Antifungal and Antibiofilm Activities of Selective Serotonin Reuptake Inhibitors Alone and in Combination with Fluconazole.

OBJECTIVES: Candida spp. are clinically important pathogens that cause difficulties for treatment by biofilm formation. Considering antifungal resistance rates and the limitations in the discovery of new antifungals, the antifungal and antibiofilm effects of various drugs used for different therapeutic purposes are becoming more important.
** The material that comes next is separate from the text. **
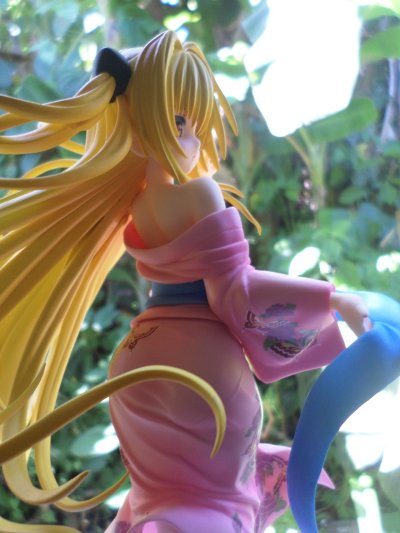 Y-style To LOVE Ru Darkness  金色暗影 浴衣版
The goal of our study was to determine the antifungal and antibiofilm effects of the selective serotonin reuptake inhibitors (SSRIs), namely sertraline (SRT), paroxetine (PRX), and fluoxetine (FLX) alone and in combination with fluconazole (FLC) against Candida spp. MATERIALS AND METHODS: Twenty Candida spp. strains isolated from clinical samples from Ege University Hospital were identified by the Dalmau method and matrix-assisted laser desorption ionization time of flight mass spectrometry. The minimum inhibitory concentrations (MICs) of the SSRIs and FLC were detected by broth microdilution method. Synergistic interactions between the SSRIs and FLC were investigated by checkerboard assay. The antibiofilm effects of the SSRIs were determined by spectrophotometric microplate method. RESULTS: Among the isolates, five different Candida spp. (C. albicans, C. glabrata, C. krusei, C. tropicalis, and C.parapsilosis) were identified. The MICs of the SSRIs ranged between 16-512 µg/mL. While SRT showed the highest antifungal effect, the antibiofilm efficacy of FLX was higher than that of the other agents. Moreover, FLX and PRX showed a synergistic effect with FLC in 13 and 19 isolates, respectively. Four isolates were strong biofilm producers while nine isolates were moderate biofilm producers. C. parapsilosis strains showed higher biofilm production than the other species. At MIC/2 concentration, FLX and SRT alone inhibited mature biofilms in six and five isolates, respectively, while PRX caused increases biofilm formation in seven isolates. CONCLUSION: This study revealed that MIC/2 concentrations of SSRIs could have antifungal and antibiofilm effects. SRT and FLX alone or in combination with antifungals may possibly have therapeutic potential for combating fungal infections.